Frequently asked questions
What is the full form of PLI scheme?
PLI stands for Production Linked Incentive. It is a scheme under which the government pays companies a cash incentive linked to the increase in goods they manufacture and sell from their factories in India, over a fixed base year and scheme period.
When was Make in India launched?
Make in India was launched on 25 September 2014 by Prime Minister Narendra Modi. The PLI schemes that now power it were introduced later, from 2020 onwards.
Which ministry runs Make in India and the PLI schemes?
The overall Make in India initiative is coordinated by the Department for Promotion of Industry and Internal Trade (DPIIT), under the Ministry of Commerce and Industry. Individual PLI schemes are run by the relevant line ministry — for example, electronics PLI is administered by the Ministry of Electronics and Information Technology (MeitY), and others by ministries such as Pharmaceuticals, Textiles and Heavy Industries.
How many sectors are covered by the PLI scheme?
PLI schemes were announced for 14 key sectors, including mobile/electronics manufacturing, IT hardware, pharmaceuticals, bulk drugs, medical devices, telecom, automobiles, batteries, solar modules, textiles, food processing, white goods, speciality steel and drones, with a combined outlay of roughly ₹1.97 lakh crore.
How is PLI different from older subsidies?
Traditional subsidies often gave money upfront or as tax breaks regardless of output. PLI is performance-based — a company only receives the incentive after it actually invests and produces more than a defined baseline. No extra production means no incentive.

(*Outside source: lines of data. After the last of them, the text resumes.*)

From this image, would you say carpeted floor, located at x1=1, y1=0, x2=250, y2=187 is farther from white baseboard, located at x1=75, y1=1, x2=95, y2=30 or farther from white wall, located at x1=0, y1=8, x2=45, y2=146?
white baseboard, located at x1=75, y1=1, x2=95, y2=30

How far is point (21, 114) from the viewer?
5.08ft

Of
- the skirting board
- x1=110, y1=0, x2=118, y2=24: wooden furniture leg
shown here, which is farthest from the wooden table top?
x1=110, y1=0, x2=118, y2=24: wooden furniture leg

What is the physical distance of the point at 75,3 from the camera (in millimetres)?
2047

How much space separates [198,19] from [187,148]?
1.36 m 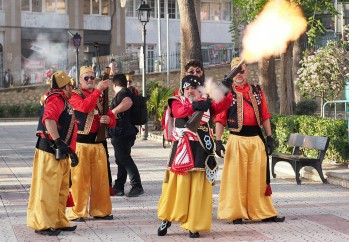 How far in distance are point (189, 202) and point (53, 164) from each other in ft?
5.36

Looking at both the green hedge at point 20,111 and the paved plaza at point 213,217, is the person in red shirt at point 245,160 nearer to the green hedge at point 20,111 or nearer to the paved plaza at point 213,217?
the paved plaza at point 213,217

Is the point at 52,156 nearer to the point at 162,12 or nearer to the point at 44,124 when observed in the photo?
the point at 44,124

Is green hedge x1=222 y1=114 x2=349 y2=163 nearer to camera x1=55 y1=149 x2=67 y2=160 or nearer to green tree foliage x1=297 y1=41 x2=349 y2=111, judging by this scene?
green tree foliage x1=297 y1=41 x2=349 y2=111

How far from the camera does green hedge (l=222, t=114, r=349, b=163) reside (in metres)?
16.4

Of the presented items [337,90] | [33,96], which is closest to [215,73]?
[33,96]

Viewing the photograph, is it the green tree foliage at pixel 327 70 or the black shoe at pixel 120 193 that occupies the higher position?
the green tree foliage at pixel 327 70

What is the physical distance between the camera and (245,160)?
10.7 meters

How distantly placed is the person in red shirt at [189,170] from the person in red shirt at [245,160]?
2.55 ft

Is the iPhone really “made in India”?
Apple’s contract manufacturers assemble a large and growing number of iPhones in India, and India has become a significant export base for them. However, much of this is currently assembly of components that are still largely imported; deepening local component and chip manufacturing is the goal of the broader semiconductor mission.
Has Make in India been a success?
It has had clear successes — especially the surge in domestic electronics and smartphone manufacturing and exports — alongside areas where progress has been slower, such as raising manufacturing’s overall share of GDP and building deep, high-value supply chains. It is best viewed as a long-term structural initiative that is still unfolding.
Disclaimer: This article is for educational purposes only and is not investment/financial advice. Government scheme details, incentive rates and eligibility change over time — read all official scheme documents and consult a SEBI-registered adviser or qualified professional where relevant before making business or investment decisions.